(Beginning of Records)

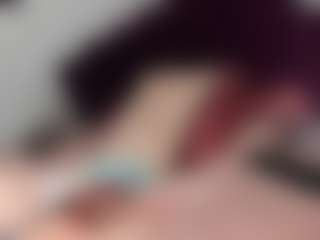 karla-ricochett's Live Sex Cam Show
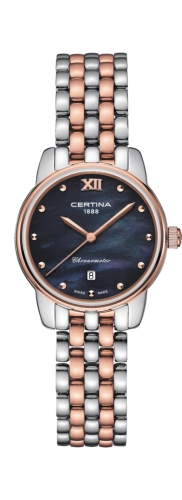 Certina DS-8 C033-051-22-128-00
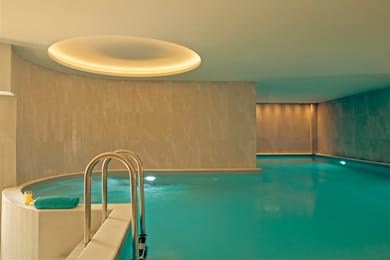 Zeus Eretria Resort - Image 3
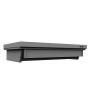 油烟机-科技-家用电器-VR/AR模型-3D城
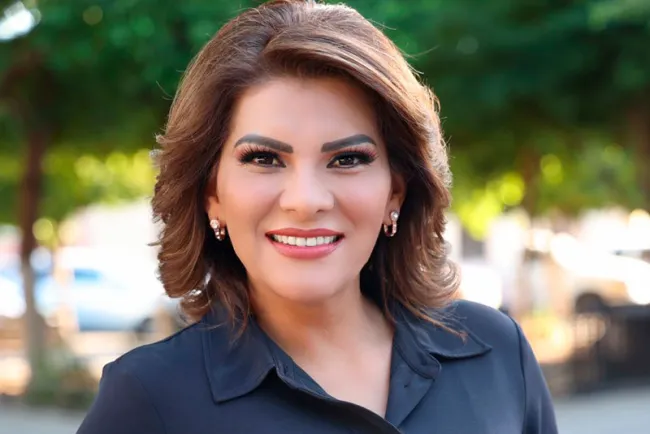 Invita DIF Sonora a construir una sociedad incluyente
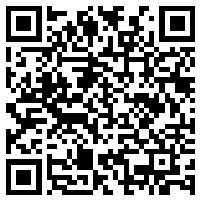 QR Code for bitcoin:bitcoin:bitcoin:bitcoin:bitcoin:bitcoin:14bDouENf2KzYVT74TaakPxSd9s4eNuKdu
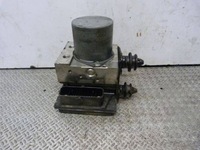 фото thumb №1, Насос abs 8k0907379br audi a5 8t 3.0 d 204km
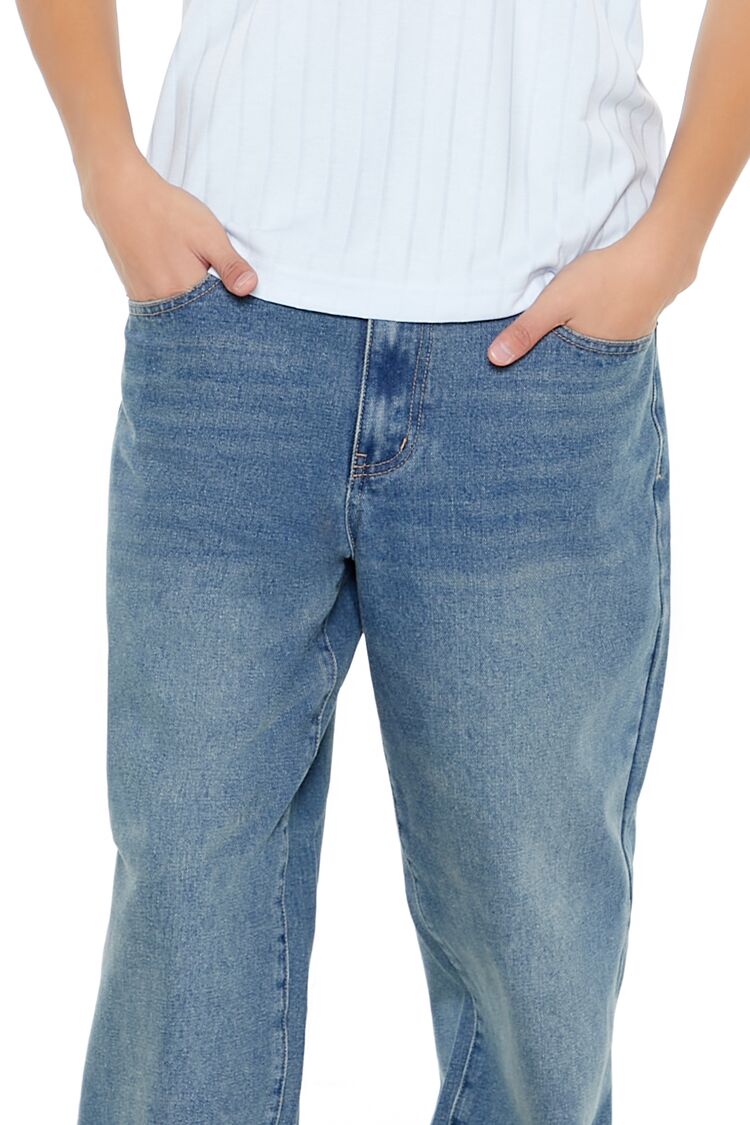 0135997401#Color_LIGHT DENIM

(End of Records)

[Assignment]
Once you find the line containing "Zeus Eretria Resort - Image 3", retype it and every line after it through the last line of the records above, exactly. Add nothing else, and leave out the pictures.

[Solved exercise]
 Zeus Eretria Resort - Image 3
 油烟机-科技-家用电器-VR/AR模型-3D城
 Invita DIF Sonora a construir una sociedad incluyente
 QR Code for bitcoin:bitcoin:bitcoin:bitcoin:bitcoin:bitcoin:14bDouENf2KzYVT74TaakPxSd9s4eNuKdu
 фото thumb №1, Насос abs 8k0907379br audi a5 8t 3.0 d 204km
 0135997401#Color_LIGHT DENIM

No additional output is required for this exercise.